Intentionally Sharpening Kids’ Social-Emotional Skills

By Chrissy Sergiacomi, School Counselor 

Today’s guest blogger is the school counselor at Sherwood Forest Elementary School, Chrissy Sergiacomi. As we continue to focus on social-emotional learning, Chrissy shares information on why it is so important for kids to learn these skills and several practical activities that parents/guardians can use to teach these skills at home. 

I have always told my young children that I believe the most important thing in life is to be kind.   Maybe that philosophy is why I became a school counselor.  I had a student once introduce me to a new classmate as “This is the lady who teaches us how to be good people.”  I think it’s the best job description I’ve ever heard!  Because the truth is, we have to teach our kids to be good people.  Social-emotional life skills are critical, and their teaching needs to be intentional.  If we teach our kids Calculus, history, poetry. . .none of it is useful if they can’t manage their own emotions.

The activities below are just examples of things you can add to your social-emotional toolbox at home.  One caveat. . .don’t try these when your kids are in the middle of an emotional meltdown!  These are activities to teach and practice when your children are calm, and then you can gently remind them to use the pre-learned skills when they need them.

  • Journaling with a twist:  This activity is great for older kids who are confident with writing or for any age kids who enjoy drawing.  Your child needs a notebook where they can write and/or draw daily.  It’s helpful if the whole family takes 5-10 minutes daily to pause, giving the child a scheduled opportunity for journaling.  The journal belongs to the child and is private.  However, if the child wants to share something with a parent, they turn down that particular page and place the journal in a pre-determined location (like a coffee table).  The parent can then read that part of the journal only and can write a message back to the child.  This is a great strategy for students who are uncomfortable talking about their feelings directly but need some form of self-expression.  
  • Mindful Coloring:  Challenge your child to color pictures with lots of details, taking time to color each individual section while they practice breathing in and out.  Check out these sites where you can find mindful coloring examples:   Mandalas to color online  Mandalas to print and color
  • Feelings heart and GoNoodle:  This activity combines feelings identification with short online exercises that correspond with the feeling the child identifies.
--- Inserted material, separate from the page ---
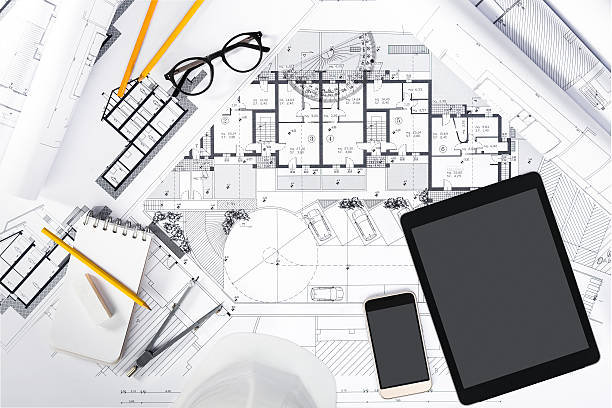 construction plans with tablet and drawing tools on blueprints - instrument of measurement organization housing project housing development imagens e fotografias de stock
Children choose a feeling on the  Feelings Heart, click on it and they are directed to multiple GoNoodle online activities to help them practice coping with that feeling.  If those particular activities don’t seem applicable, you may need to have a discussion about whether the child has identified their feeling correctly.   This helps increase feelings vocabulary and gives kids go-to activities for self-regulation.
  • Read alouds: For younger children, reading a book aloud and discussing its’ social-emotional message can be powerful.  This list of Read Aloud books for Social-Emotional Topics is an excellent resource to start building your social-emotional library!  
  • Size of the problem/reaction:   By teaching students to identify the size of their problem, we can help them understand that it’s important to match our reaction to the size of our problem.  When we overreact or underreact we make others uncomfortable and we typically don’t end up solving our problem.  By using this free downloadable graphic Size of problem and reaction downloadable visual you can help your child identify the size of their problem and whether it matches the size of their reaction.  If it doesn’t match, then you’ll need to discuss what a more appropriate reaction would be.  
  • Glitter jar:  This is one of my favorite calm down tools ever.  Kids love to make them and they can be calming even for adults.  There are many different ways to make the jars, but this is one example:  Glitter jar instructions  The idea is that when you shake the jar the glitter swirls around making the water cloudy, just like your mind gets cloudy when you are nervous, angry, sad, etc.  If you keep the jar still, the glitter will settle and the water will become clear again.  Children watch the glitter as it settles to the bottom of the jar, taking deep breaths and calming their minds just as the jar is “calming down”.  
  • Deep breathing:  I like to teach kids lots of different ways to take deep breaths and let them choose which way they like the best.  Every way has the same physiological results, your breath slows down, which slows down your heart rate, which tells your body it isn’t in danger, and the prefrontal cortex goes back to work making good decisions.  These websites have excellent printable visuals kids can use for deep breathing exercises:  Using shapes to teach deep breathing  Printable breathing cards for kids  Mindful breathing activities for kids and teens  You can model these for your child and then you can each choose your favorite ones.
  • Practicing Gratitude:  Gratitude is one of the biggest predictors of happiness.  Help your children engage in acts of gratitude during this difficult time.  Sometimes helping others is the best way to help ourselves.  You can simply keep an individual or family gratitude journal where you choose several things at the end of each day that you’re grateful for.  You can also actively practice gratitude with activities like these:  Loving letters campaign   Gratitude gifts    Kindness rocks

I hope that you will find an activity here that makes sense for your family and that you can easily incorporate into your home routine.  It’s likely you’re with your kids more than ever right now,  but remember that having presence and being present are not the same.  In these overwhelming times, take a moment to be intentionally present with your children.  Use that time to help them become the amazing little humans you know they’re meant to be.